Why do we say ‘lost’ ? We didn’t lose them, they died. The body is right there. Unless they are say, ‘undead’ and wander off while the morgue personnel aren’t looking, then okay. There are other exceptions sure, people and pets wander off never to be heard from again. If that’s what happened, then yes, tell me they’re ‘lost’, but if there’s a body and funeral arrangements to be made, then I say there’s a flag on the play if you use the word ‘lost’.
I don’t have too many issues with the term ‘passed’ other than it doesn’t work for me. If you’re using it to soften the blow, there is nothing you can say in this situation that softens the fact that someone or something has died.
Over the course of years, until they’re talking about you, you too will hear someone say to you, “so-n-so is dead”. And Heaven help you when it’s your turn to deliver the news. I’ve had to hear it and repeat it twice this year. I don’t count the endless stream of ‘dead’ that filters through my careful avoidance of all things media, that’s hard enough to hear.

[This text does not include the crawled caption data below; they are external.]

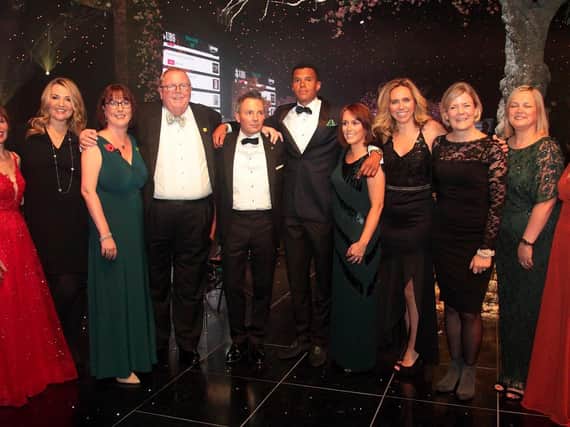 The Firecracker Ball committee - Last year the event at Harrogate's Rudding Park Hotel raised 250,000, taking the total raised for the charity to over 3m that Barnardos has used to continue their work of reaching out to vulnerable children.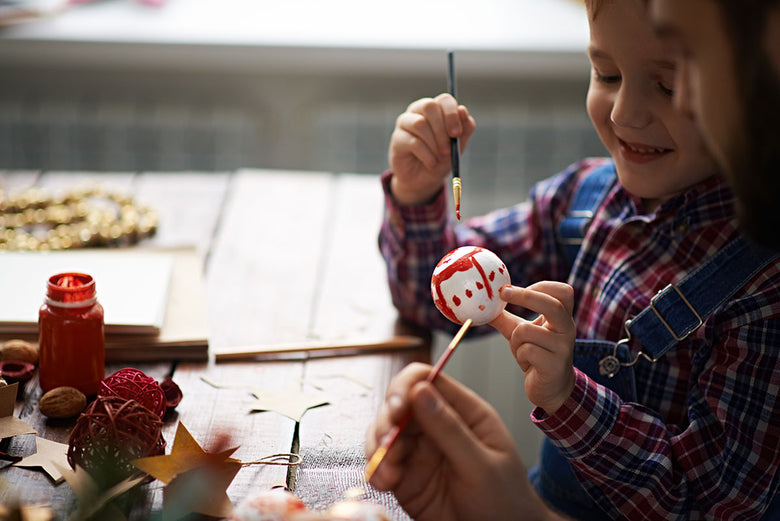 Not All Gifts Cost Money: Advent Calendar Activity Ideas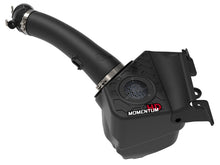 Load image into Gallery viewer, aFe 20-21 Jeep Wrangler (JL) V6-3.0L (td) Momentum HD Cold Air Intake System w/ Pro 10R Media Cold Air Intakes aFe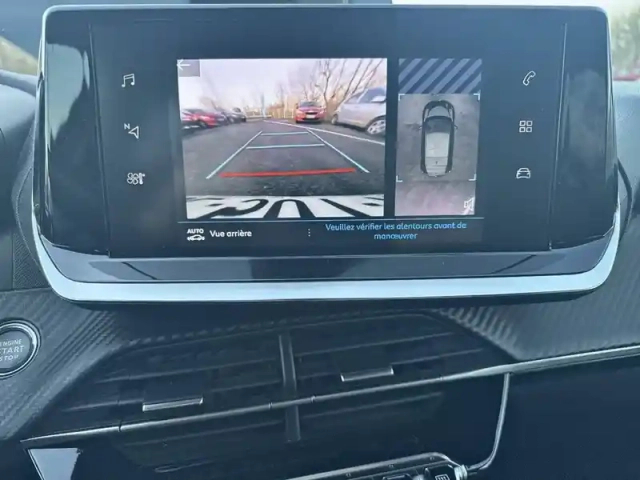 Peugeot 208 puretech 100 s&amp;s bvm6 — photo 20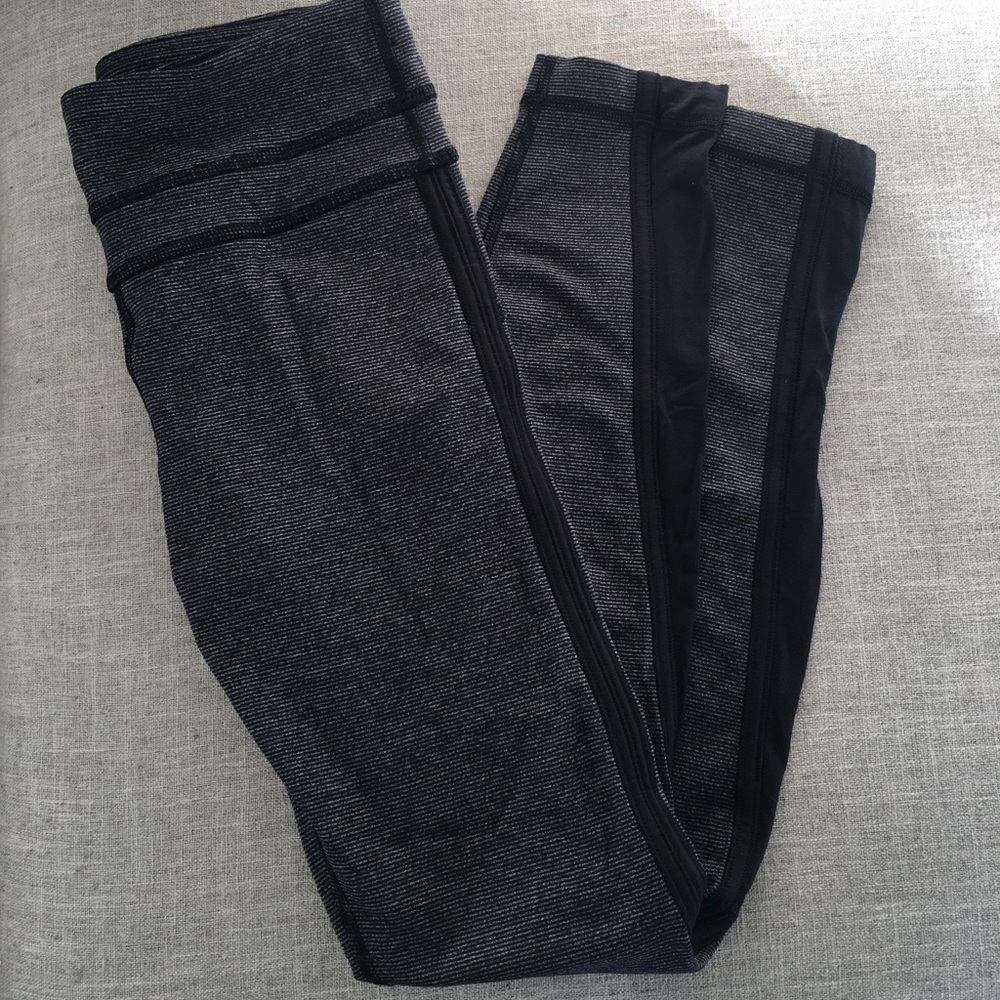 Lululemon 7/8 Tight, Size 2
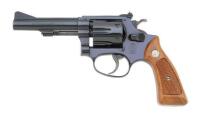 Smith & Wesson Model 34-1 Double Action Revolver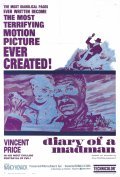 Diary of a Madman movie in Vincent Price filmography.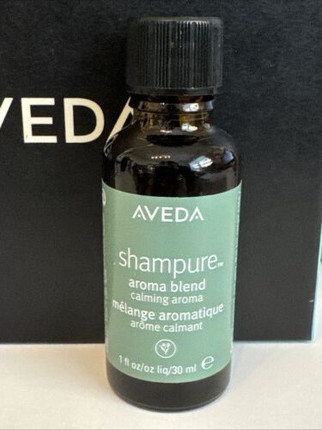 Aroma Therapy Aveda Oil Aroma Blend Shampur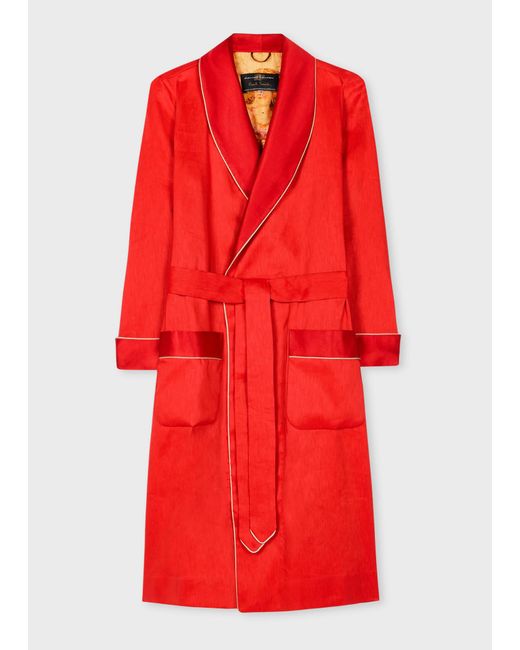 Paul Smith Red Daniel Hanson For for men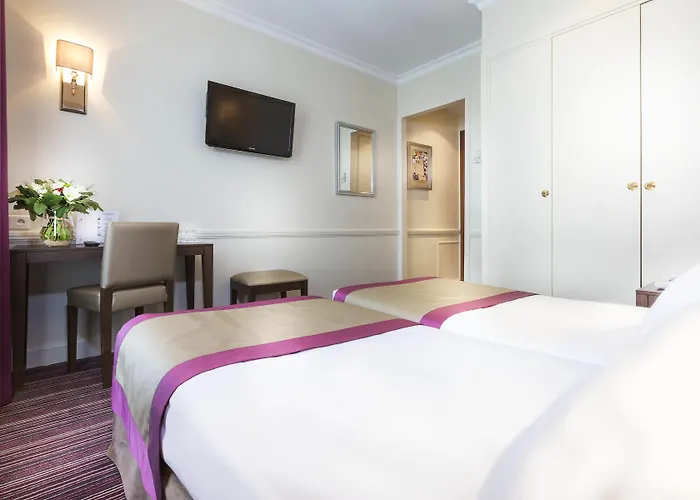 Elysees Union 3* Paryż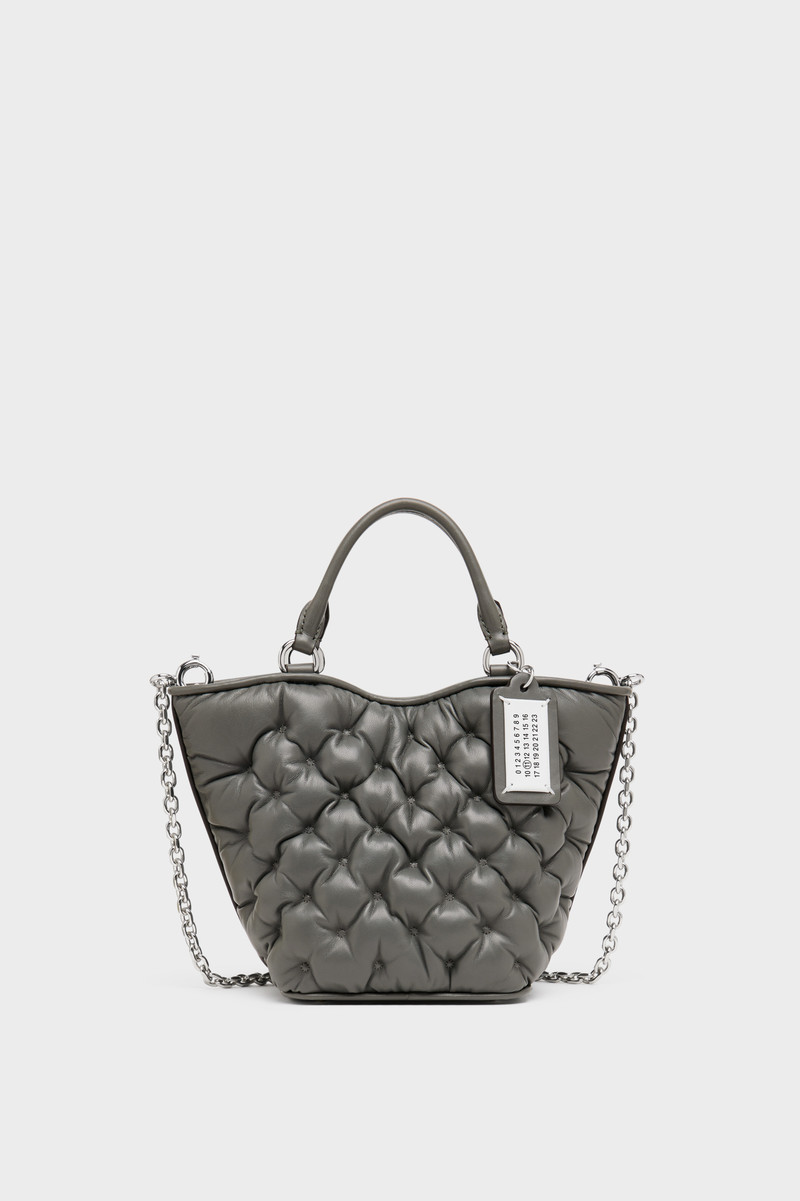 Glam Slam embroidery tote mini 1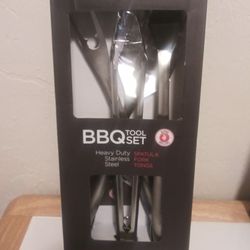 Bbq set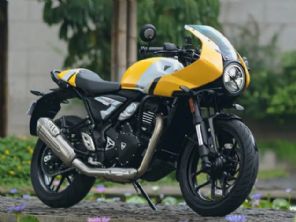 Thruxton 400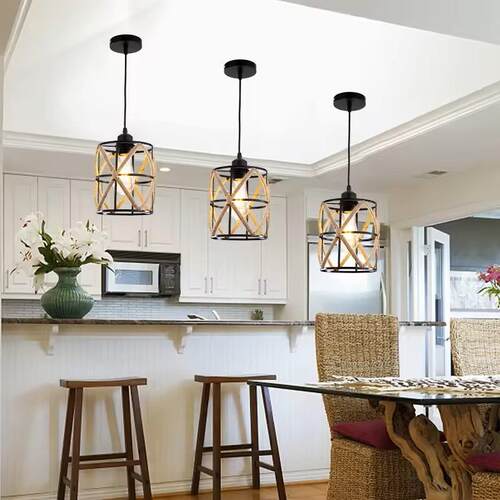 跨境灯供复餐君跃照明古厅吊烧烤饭店奶茶休闲吧工业风咖啡清吧麻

I’m referring to picking up the phone and before the subtle echo of my hello has faded, I hear “Aunt #### has passed away.” A few minutes later I’m having to say, “Aunt #### has died.” The look of shock, the teary eyes, both on my own face and on others; I don’t know what to do. I don’t know how to grieve or how to help others through the process.
I don’t know how to soften my words because I don’t think of death in any soft way. It is a release I suppose, an end to suffering in a lot of respects, but it’s still dead. It’s still, The End. Even my writing skills leave me when it comes to the end of a life’s story.
My Aunt passed away unexpectedly Saturday morning. And I have no where to turn but to my words, and now as you can see, they don’t make sense. Just like her death.